CS494 -- Computational Geometry

Heather Booth

Algorithm Analysis Practice

Goals: There are practice problems for each type of goal above and solutions are now included at the end of the document.

Section 1: Analyzing non-recursive Algorithms:

In non-recursive code we can often analyze the running time by determining the number of times selected statements are executed. I will assume we are looking for worst-case running time using big-O notation. Since we don't care about constants, we can usually get a good estimate of the running time by considering one type of statement such as key comparisons, or some statement in a for loop.

Some examples:

for (i = 0; i < n; i++)
   for (j = 0; j < n;  j++)
      scanf("%d", &(A[i][j]));
Analysis: Here there is no key comparison so we will count the "scanf". In a nested for loop with fixed lower and upper limits (e.g. "0" and "n") the number of times the insider part is executed is just n*n. So this runs in O(n2) time.
for (i = 0; i < n; i++)
  for (j = 0; j < i; j++)
     A[i][j] = 0;
Analysis:This code zeroes out the lower triangular part of an array. Since the inner loop is executed a variable amount of times, we can't just multiply. When i = 0 the inner loop is executed 0 times.
When i = 1 the inner loop is executed 1 time.
When i = 2 the inner loop is executed 2 times.
So the number of times the statement "A[i][j] = 0" is executed is: 1 + 2 + 3 + ... + n
This sum comes up a lot in algorithm analysis. You should memorize the formula:
   1 + 2 + 3 + ... + n = n(n+1)/2
So this algorithm runs in O(n2) time.
main()
{
    int i, query, A[100], n;

    i = 0;
    scanf("%d", &query);
    while ((A[i] != query)&& (i < n)) i++;
    if (i > n) printf("query %d not found.\n", query);
    else printf("query %d found at location %d.\n", query,  i);
}
Analysis:This code has a key comparision: "A[i] != query". We will count key comparisons to determine the running time. This means the running time is essentially the number of times the while loop is executed. This depends on the input and the query which we do not know. So we must consider the worst possible case. In the worst case the query is not found and the while loop is executed n times. Therefore the worst-case running time is O(n).

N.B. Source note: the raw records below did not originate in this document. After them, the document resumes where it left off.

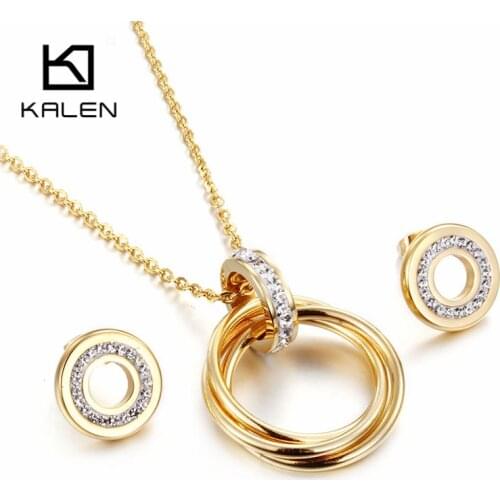 Kalen Fashion Cheap Jewelry Set Gold Color Stainless Steel Round Rings Pendant Necklace Earrings Set For Women Friendship Gift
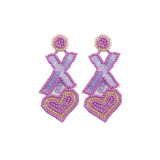 New Valentine's Day XO Rice Bead Sequins Heart Earrings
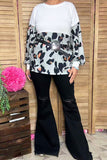 Leopard & white color block long sleeve women blouse GJQ14288 IS21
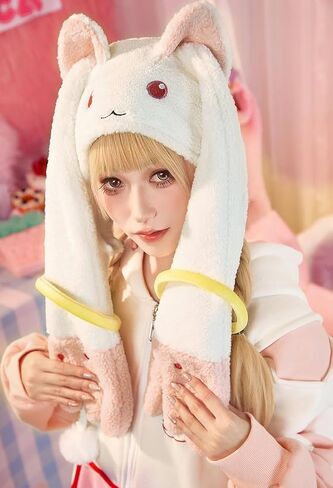 Micotaku Plush Hat Puella Magi Madoka Magica Kyubey Adorable Cosplay Accessory Pink and White in Saudi Arabia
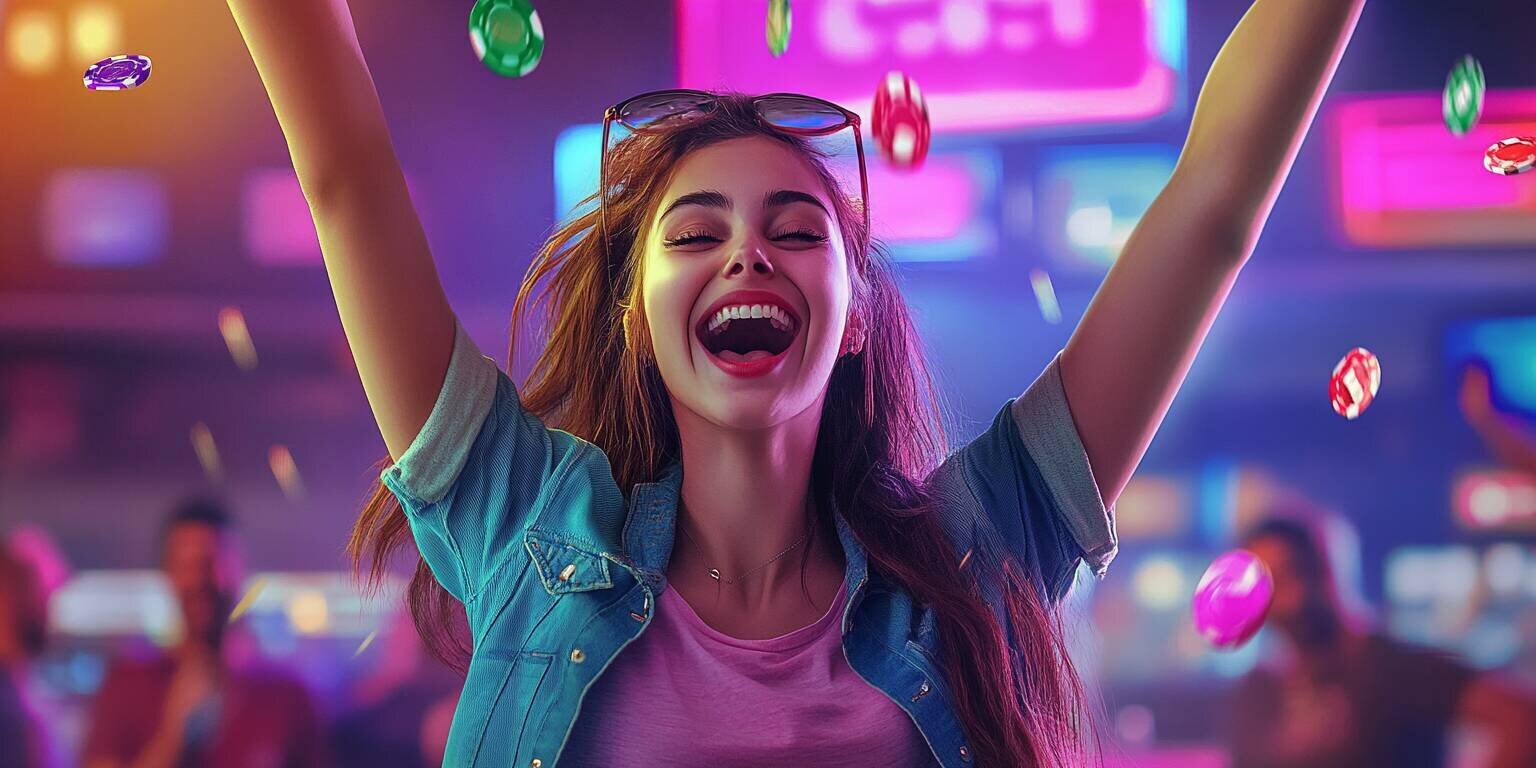 Woman celebrating a sports betting win at Lucky 35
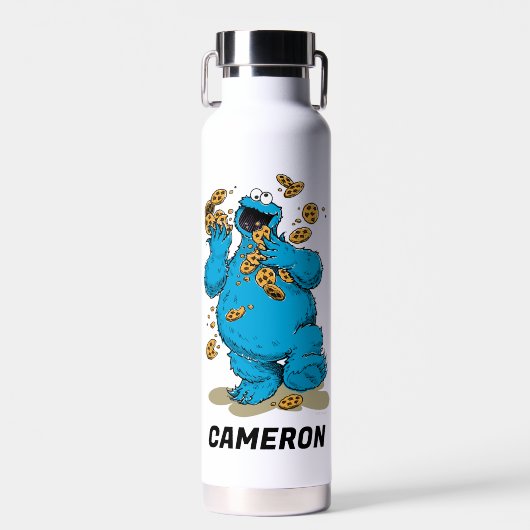 Cookie Monster Crazy Cookies | Jouw namen toevoege Waterfles (Voorkant)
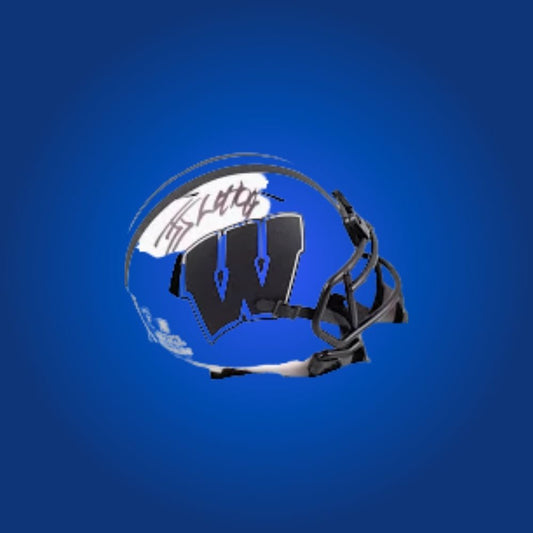 JJ Watt signed Wisconsin Badgers mini helmet—premier collectible for Badgers fans and Watt enthusiasts.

All the previous examples have been actual code. You should be able to analyze pseudo-code too, although this can be tricky because pseudo-code is more vague. In pseudo-code the last example above would be:

   search the array starting from location 0 
   comparing each element to the query until it is either found
   or the end of the array is reached.
Analysis: The worst-case will be when the query is not found and is compared to every element of the array. If there are n elements this takes O(n) time.

Section 1 Practice Problems

Give the big-O running time for the following pieces of code or pseudo-code.
  1. main()
    {
        int i, A[100], n, j;
    
        read_in(A, &n);  /* reads n integers into array A */
    
        for (i = 0; i < n; i++){
            j = find_min(A, i, n);  /* scans elements i, i+1, ..., n to find index of min element */
            swap(A[i], A[j]);       /* swaps A[i] and A[j] */
        }
    }
    
  2. Consider this modification of sequential search. Is it any better?
      Input: Given an array of n integers and a query integer.
      Output: The index of the array location containing the query, if found.  Otherwise -1.
      Algorithm: i = 0; j = n;
                 while A[i]!= query and A[j] != query  and i < j
    	  	increment i
    		decrement j
                 if A[i] == query output i
       	     if A[j] == query output j
                 else output -1
    
  3.  Input: An array A of n integers in no particular order.
     Output: The integers in sorted order (increasing).
     Algorithm:
          Initialize a balanced binary search tree to contain A[0];
          for i = 1 to n-1 do
             Insert A[i] into the tree
          print out the sorted list by traversing the tree in preorder order.
    
    Hint: You shold know that inserting into a balanced binary tree takes O(log2 n) time on a tree with n nodes and that traversing a binary tree in preorder order takes O(n) time.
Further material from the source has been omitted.